Question

A cottage industry produces a certain number of pottery articles in a day. It was observed on a particular day that cost of production of each articles (in rupees) was 3 more than twice the number of articles produced on that day. If, the total cost of production on that day was Rs. 90, Find the number of articles produced and the cost of each articles.​

Answer 1

$\huge\underline\mathbb {SOLUTION:-}$

$\mathsf {Let\:cost\:of\:articles\:be\:Rs\:x.}$

We are given total cost of production on that particular day = Rs 90.

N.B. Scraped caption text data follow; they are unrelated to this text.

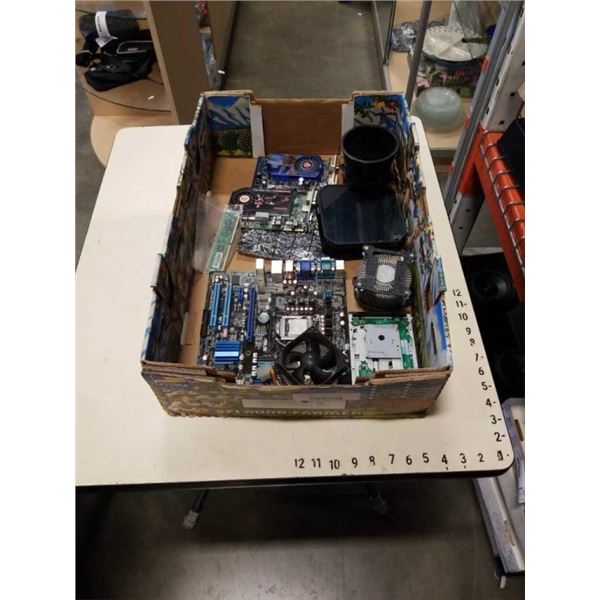 TRAY OF COMPUTER PARTS INCLUDING GRAPHICS CARDS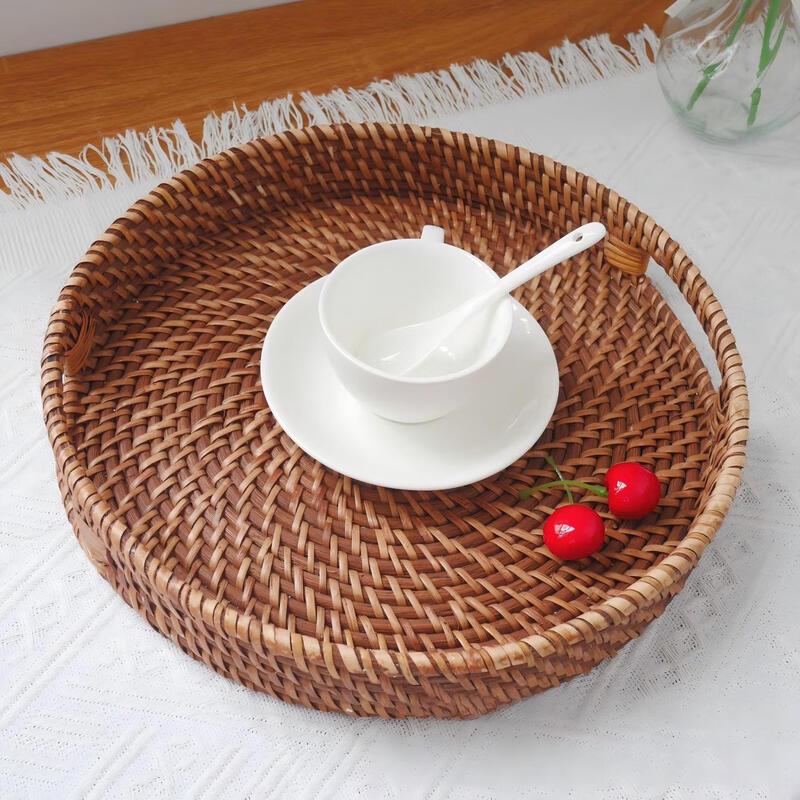 Handwoven Rattan & Bamboo Storage Basket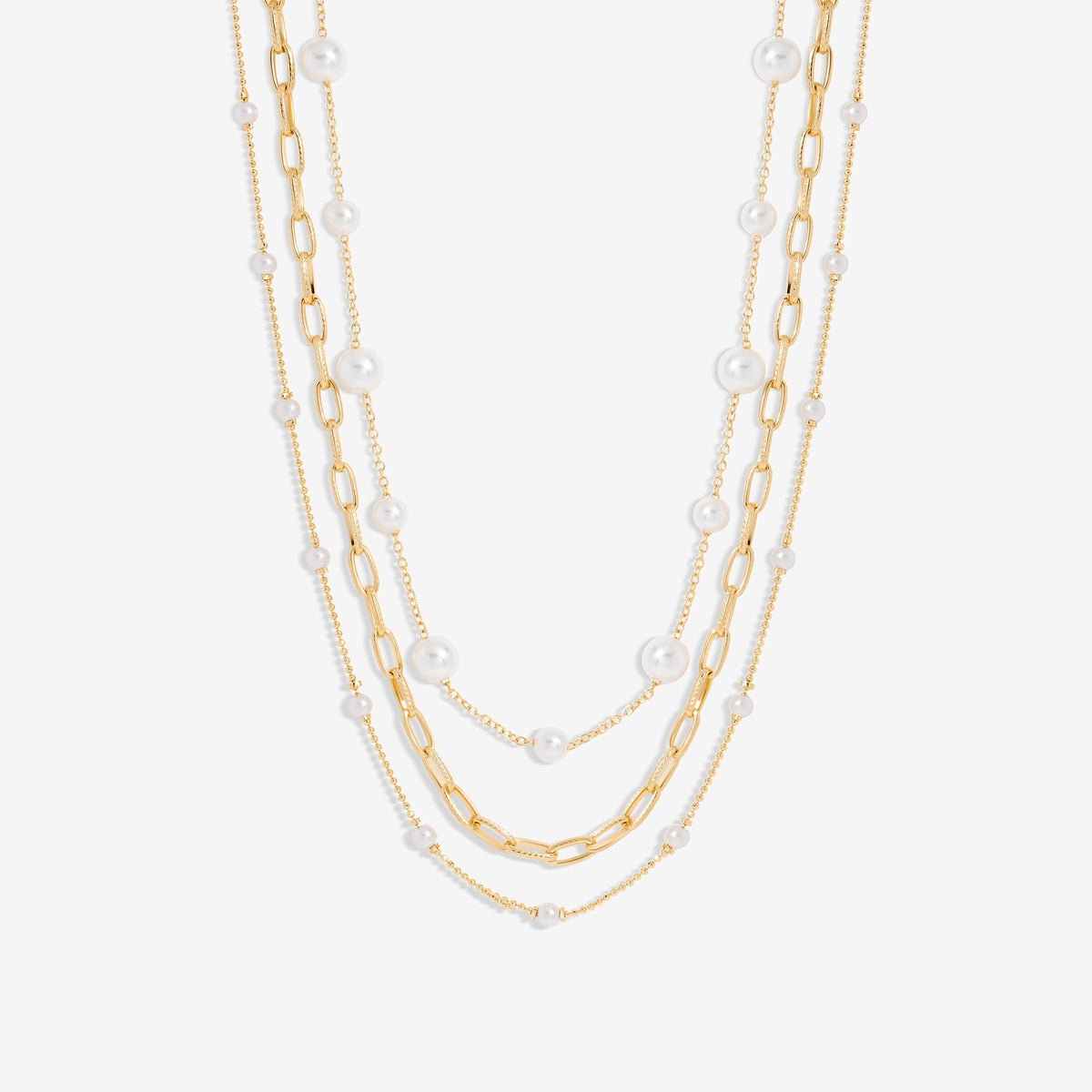 Mood Gold Pearl Chain Multirow Necklace - Pack Of 3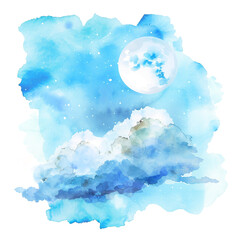 Vibrant Watercolor Painting: The Blue Sky in a Playful Cartoon Style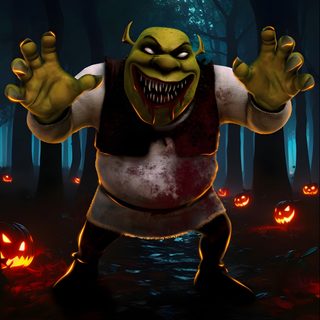 a cartoon character is standing in the woods with his arms out and eyes wide open Halloween Shrek Shrek Horror, Scary Shrek, Shrek Evil Characters, Shrek With Black Background,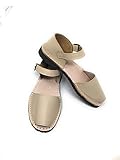 Avarca Frailera de Menorca Sandalia Cuero Legítimo/Suela de goma antideslizante/Beige/Tallas del 35 al 41/Fabricado en Menorca/Num36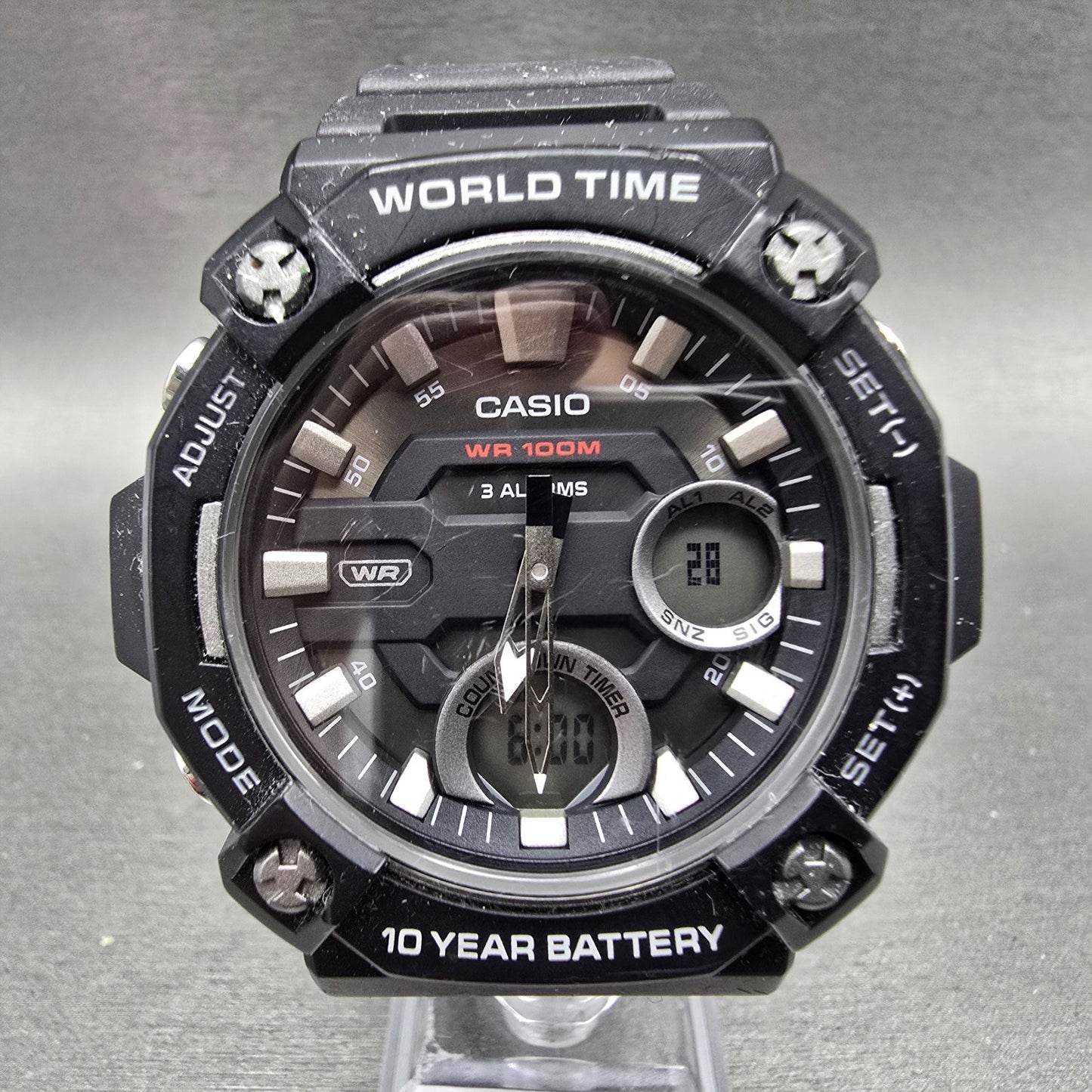 Casio World Time AEQ-120 Watch Men 52mm Black Alarm Chronograph Round New Batt0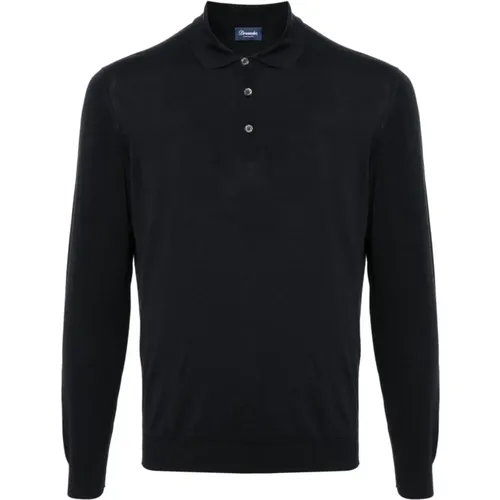 Blaues Polo-Sweater , Herren, Größe: M - Drumohr - Modalova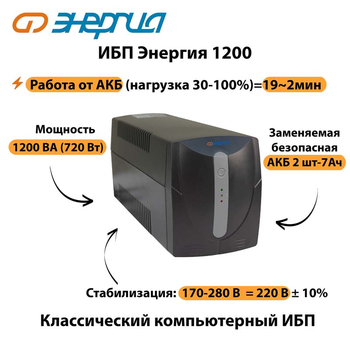 Энергия ИБП 1200 - ИБП и АКБ - ИБП для компьютера - . Магазин оборудования для автономного и резервного электропитания Ekosolar.ru в Чехове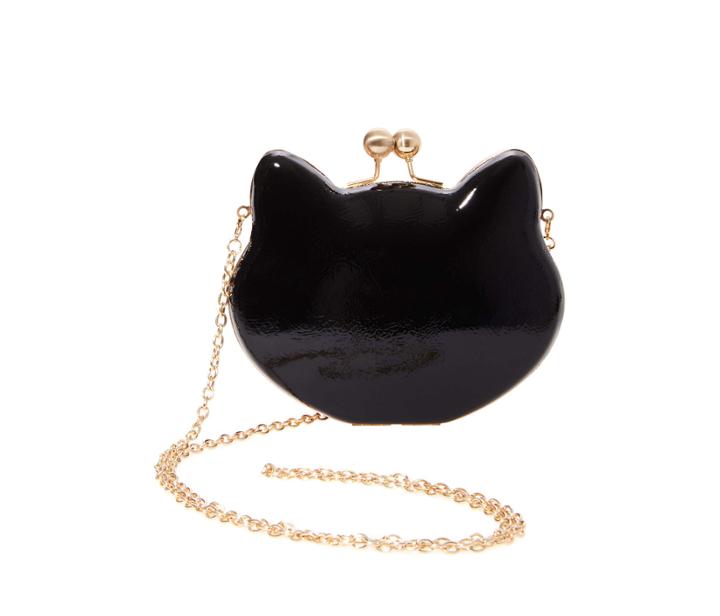 Betseyjohnson Here Kitty Kitty Hard Frame Crossbody Black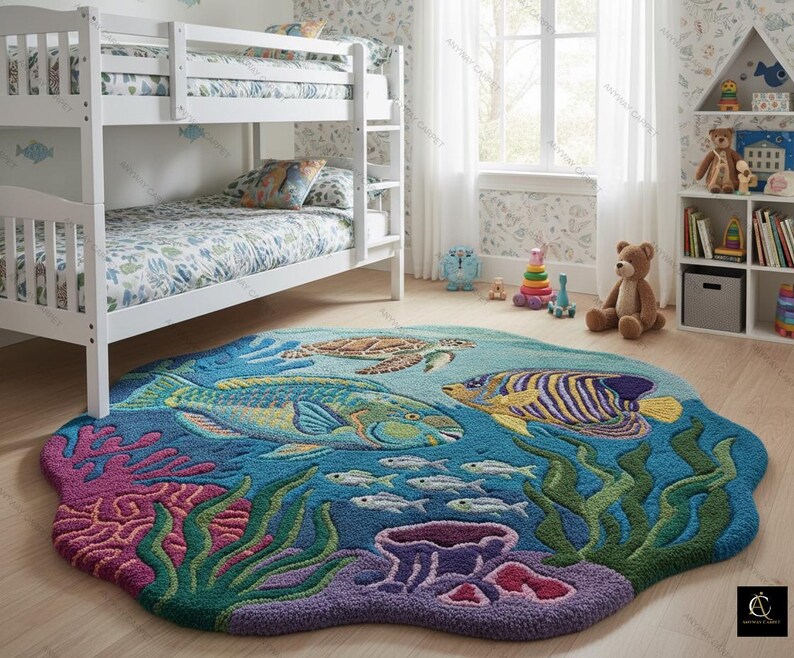 May include: A colorful, ocean-themed rug featuring a vibrant underwater scene. The rug showcases a variety of marine life, including fish, a sea turtle, and coral. The rug's design incorporates shades of blue, green, purple, and pink.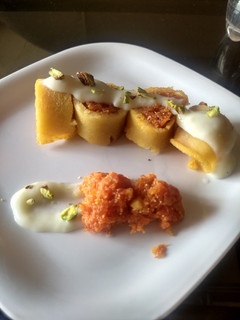 A picture of Spiced custard carrot halwa roll.
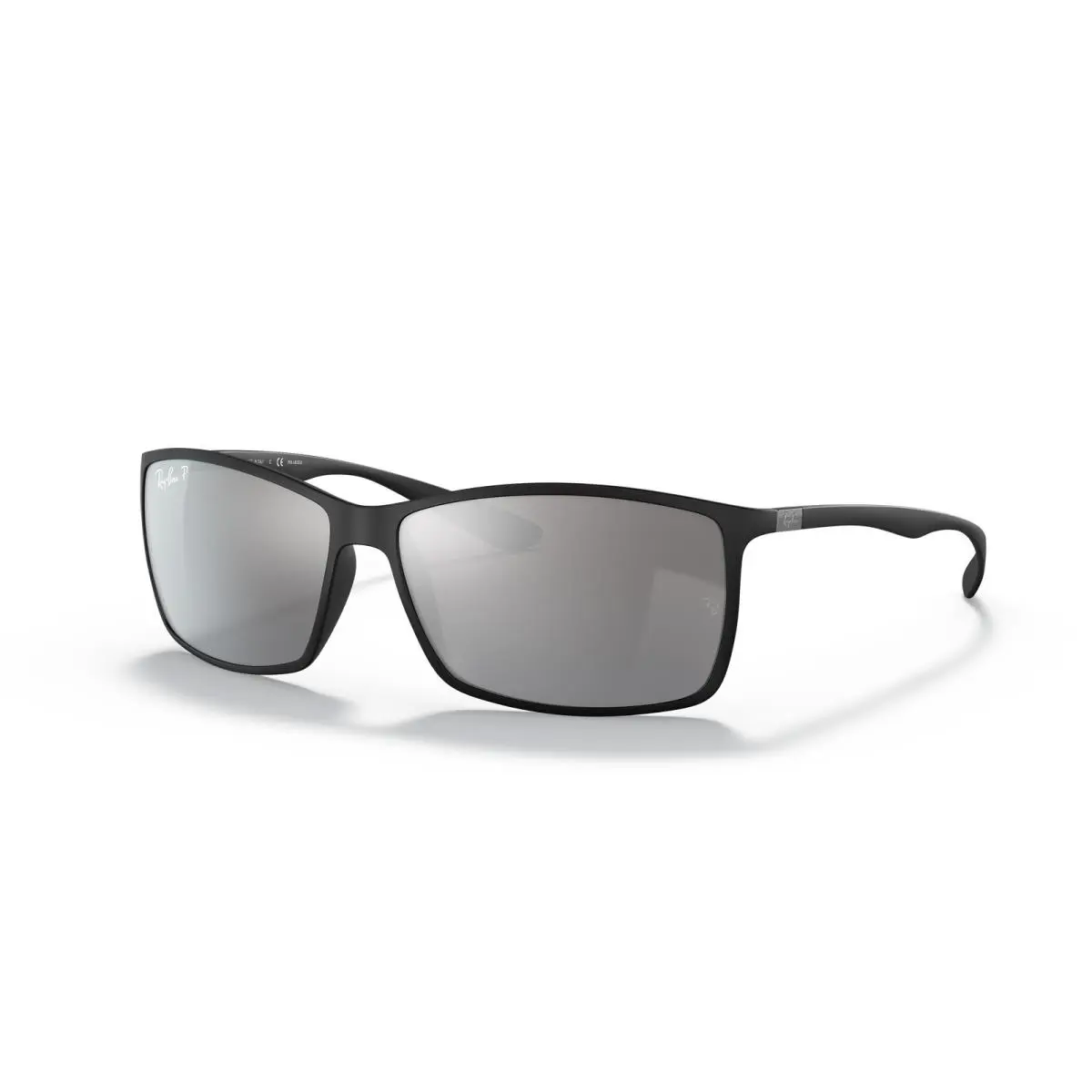 Ray-ban RB4179 Liteforce Black/silver Gradient Mirror Polarized 62 mm Sunglasses - Frame: Matte Black, Lens: Silver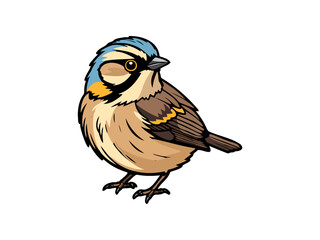 Colorful bird perched illustration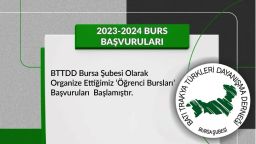 BTTDD Bursa Şubesi'nin organize ettiği öğrenci bursları için başvurular başladı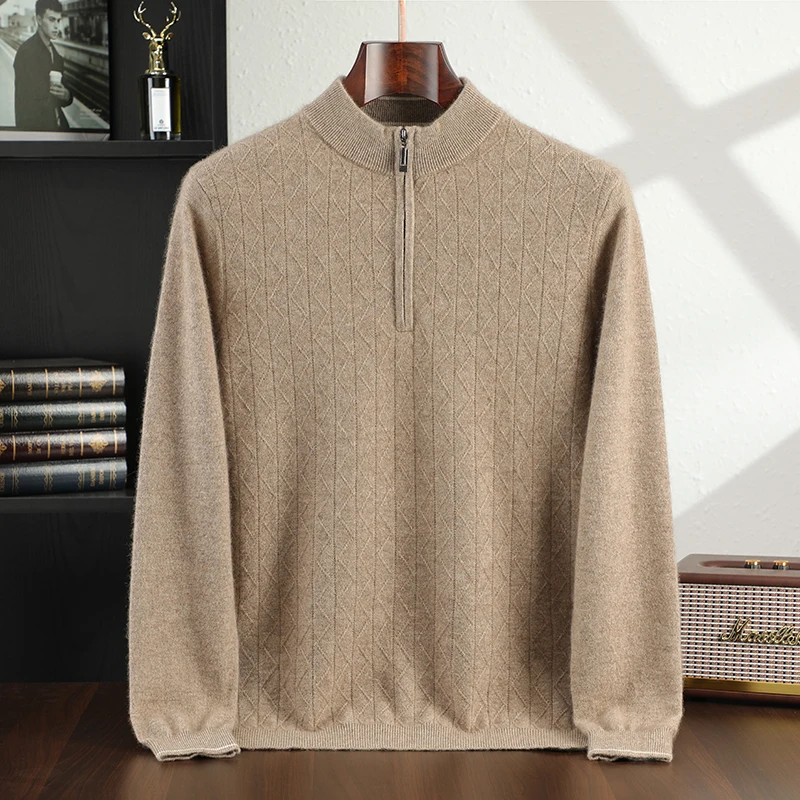 2024 Autumn/Winter New Collection (100% Cashmere) Men's Casual Round Neck Half Zipper Solid Color Casual Sweater for Men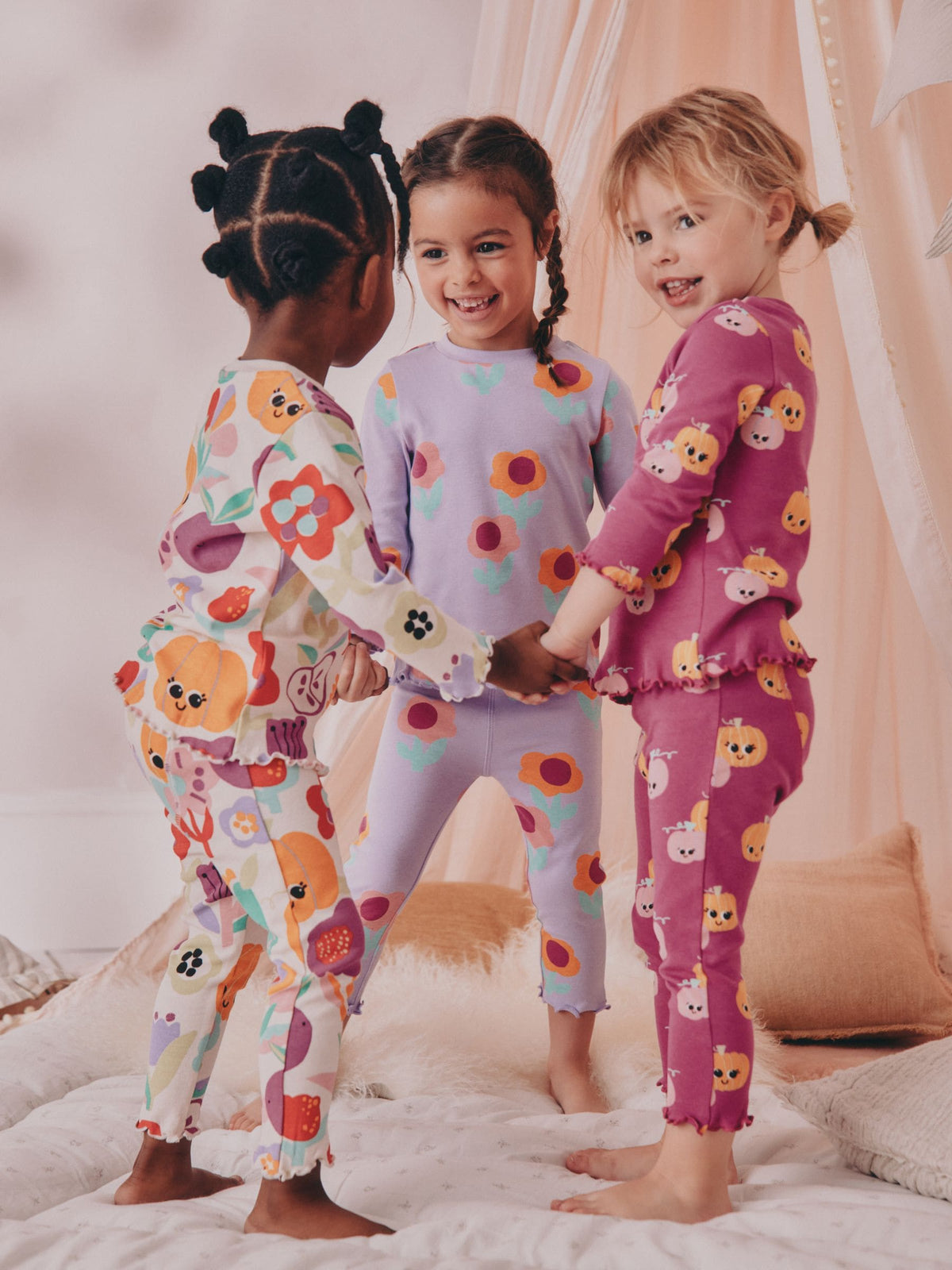 Purple Pumpkin Print Pumpkin Snuggle Pyjamas 3 Pack (9mths-10yrs)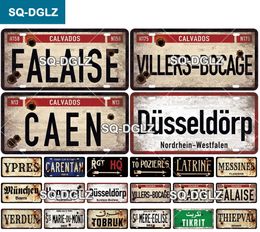 Vintage France City License Plate Metal Tin sign Gemany War Tin Sign Bar Wall Decoration Metal Sign Home Decor Plaques Poster 30X15cm w01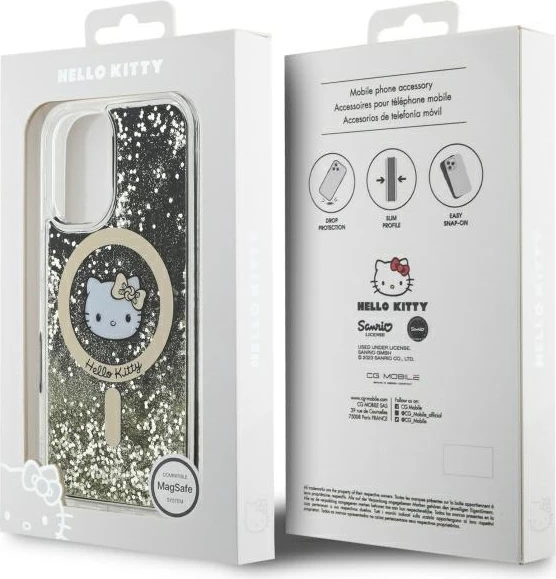 Eleganten zaščitni ovitek z bleščicami Hello Kitty Liquid Glitter Fever MagSafe za iPhone 16, zlata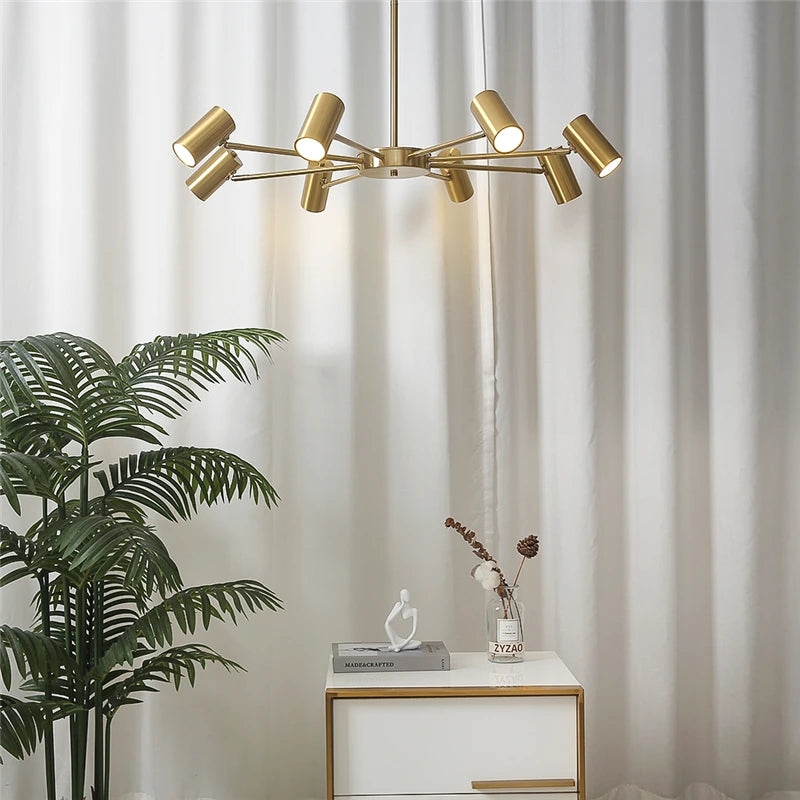 lustre nordique minimaliste moderne réglable multi-têtes créatif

$\therefore \mathsf {Total\:number\:of\:articles\:produced\:that\:day\: = \frac{90}{x} }$

$\underline\mathsf \red {According\:to\:given\:conditions,}$

$\mathsf {x = 2\bigg(\frac{90}{x}\bigg) + 3}$

$\implies \mathsf {x = \frac{180}{x}+ 3}$

$\implies \mathsf {x = \frac{180 + 3x}{x} }$

$\implies \mathsf {x^2 = 180 + 3x}$

$\implies \mathsf {x^2 - 3x - 180 = 0}$

$\implies \mathsf {x^2 - 15x + 12x - 180 - 0}$

$\implies \mathsf {x (x - 15) + 12(x - 15) = 0}$

$\implies \mathsf {(x - 15)\:(x + 12) = 0}$

$\implies \mathsf {x = 15,\: -12}$

$\mathsf {Cost\:cannot\:be\:in\:negative,}$

$\therefore \mathsf {We\:discard\: x = 12}$

$\therefore \mathsf {x = Rs\:15\:which\:is\:the\:cost\:of\:production\:of\:each\:article.}$

$\mathsf {Number\:of\:articles\:produced\:on\:that\:particular\:day,}$

$\implies \mathsf \blue {\frac{90}{15} = 16}$

Answer 2

Let us assume, number of pottery in a day = x

So, cost of production of each article = 2x + 3

according to question:-

$\: x(2x + 3) = 90$

$2x {}^{2} + 3x = 90$

$2x {}^{2} + 3x - 90 = 0$

$2x {}^{2} - 12x + 15x - 90 = 0$

$2x(x - 6) + 15(x - 6) = 0$

$\: (2x + 15)(x - 6) = 0$

$\: Hence, \red{x = - 15/2 \: and \: x = 6}$

• Now, number of articles produced = 6

Cost of each article = 2 × 6 + 3 = Rs 15.